Let's say your tooling center racks up costs of $1,000 in an accounting period; its work is divided equally ($500 each) between two products. Suppose Product A sells 200 units during the reporting period; Product B, 50 units. When it comes time to figure product profitability, tooling costs are clear: Product A (200 units) gets tagged with its $500 in tooling, which works out to $2.50 per unit. Product B (50 units) absorbs the other $500, or $10 per unit.
But that "obvious" answer is probably not the one you'll get from your accounting system. Sad to say, most traditional systems would compute "250 total units, $1,000 in tooling charges, $4 per unit." Then when you assess product performance, these costing schemes end up assigning $800 in tooling costs to Product A (200 units times $4 per unit), and $200 to Product B (50 units, $4 per unit)!
This silliness is one of the hundreds of cases consultant-practitioner Peter Turney examines in his new book, "Common Cents: The ABC Performance Breakthrough." The "ABC," now at work in many firms, is activity-based costing. The premise: Assign costs to "stuff" (activities) according to what is actually done.
The pressing need for ABC arises partly from accounting systems' tendency to spread all indirect costs across products, based on the direct-labor hours the product requires. That was satisfactory in a bygone era, when direct labor was a firm's biggest expense. But now, direct labor seldom amounts to more than 15 percent of total costs. Typically, undifferentiated overhead -- order entry, design, marketing, inspection, tooling -- comprises the bulk of expenses.
Consider another case: Each batch (100 units) of Product C requires four direct-labor hours and needs to be inspected once; a batch of Product D (also 100 units) uses two direct-labor hours, but must be inspected twice. Suppose the cost of one inspection is $50. Product C clearly should get tagged with an inspection cost of $50 per batch of 100 units; Product D, with two inspections, has an inspection cost of $100 for every 100-unit batch. But don't bet on it!

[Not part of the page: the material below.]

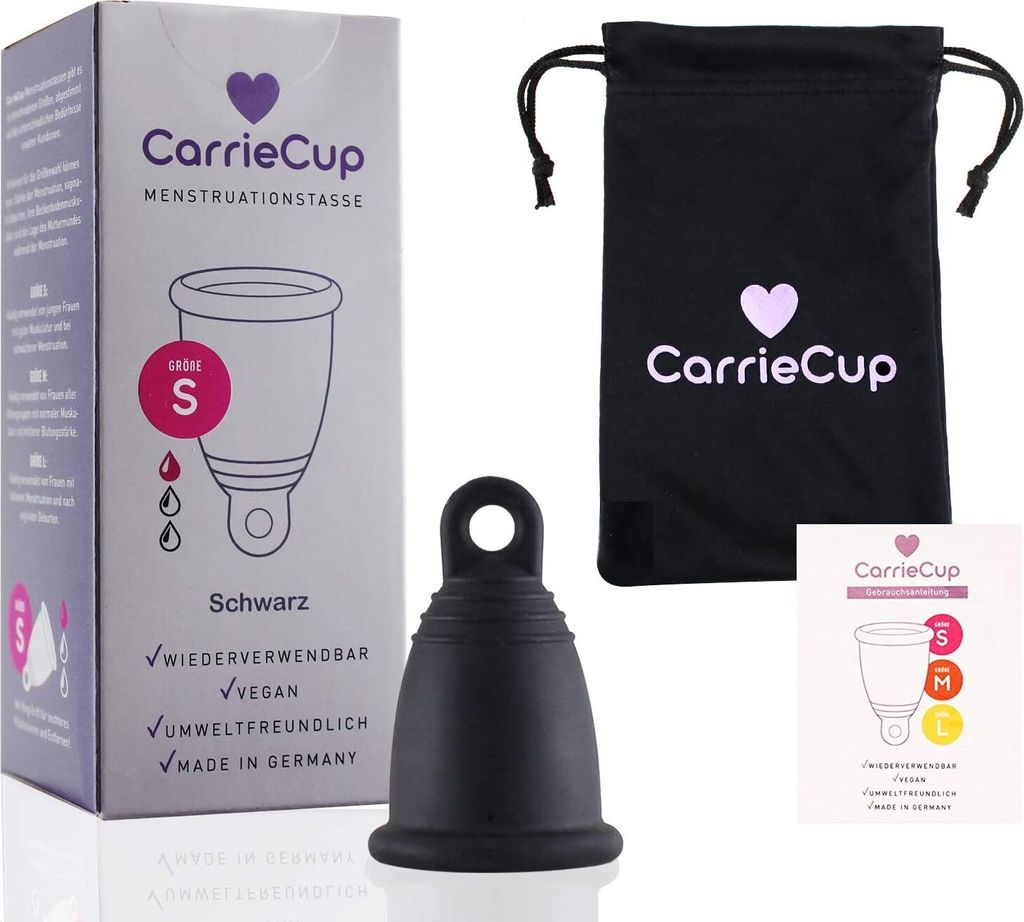 CarrieCup Menstruationstasse klein,  Germany - BPA-frei, Produktbild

Suppose you produce one batch of each product. You incur $150 in inspection costs and consume six direct-labor hours in all. Traditional systems would usually calculate inspection costs at $25 per direct-labor hour used, and would end up assigning inspection costs of $100 to Product C (four direct-labor hours times $25 per hour), $50 to Product D (two hours times $25). That is, Product C's unit cost of inspection, assigned on the basis of direct-labor hours, will be double, not half, Product D's. Reality be damned.
Turney leads us through true tales much more horrific than this. One situation involved a 25,000 percent costing error: A product with an "accounting cost" of $2 had a true cost of $500!
Such miscalculations can lead to big strategic blunders. Take a routine instance of standard vs. customized product costing. Customers for standard products buy large quantities and usually make few demands on the producer's system. Customers for non-standard products demand a lot.
But normal accounting systems routinely assign the same unit cost to both types of product; they lump together all overhead costs, then distribute them evenly among all units, standard or non-standard. Since we charge more for the customized product, its margin looks great, and the marketing department ends up pushing it.
In the real world, Turney points out, those non-standard products require "long setups, intense engineering support, heavy numerical-control programming support, substantial sales support, more order (entry) activity, more scrapped units, more inspection and higher inventory." But these additional costs are not ordinarily assigned to the special product.
Do your sums correctly, says Turney, and you may find you're losing a bundle on those customized products, despite their higher prices.
Finally, the saga of "a simple little brass strip." Depending on which product model a company makes, a brass strip used for connecting wires to a grounding circuit requires one, two or three holes, and is shorter or longer accordingly. Engineers propose using a single strip with three holes, which could serve all models. Turney says the idea probably makes sense, because only one part would have to be ordered, received, stored and released to the shop floor. Just one part would need to be changed in the future. And it would be necessary to forecast volume for only one part; less inventory would be needed, etc.
But that's not the way it turned out in a real-life case. Conventional costing concludes that material for a three-hole strip is more expensive than material for a one- or two-holer and punching three holes takes more effort than punching one hole. Case closed. All the "other" costs associated with producing three parts rather than one are spread equally across all units or are handled as a single administrative expense. Make three strips, the standard system mandates.
To be sure, many hot issues such as speed and quality are jostling for the top spot on the "keys to competitiveness" list.
But Turney is not alone in contending that a correct costing scheme is the essential ingredient of competitiveness. He's got a point.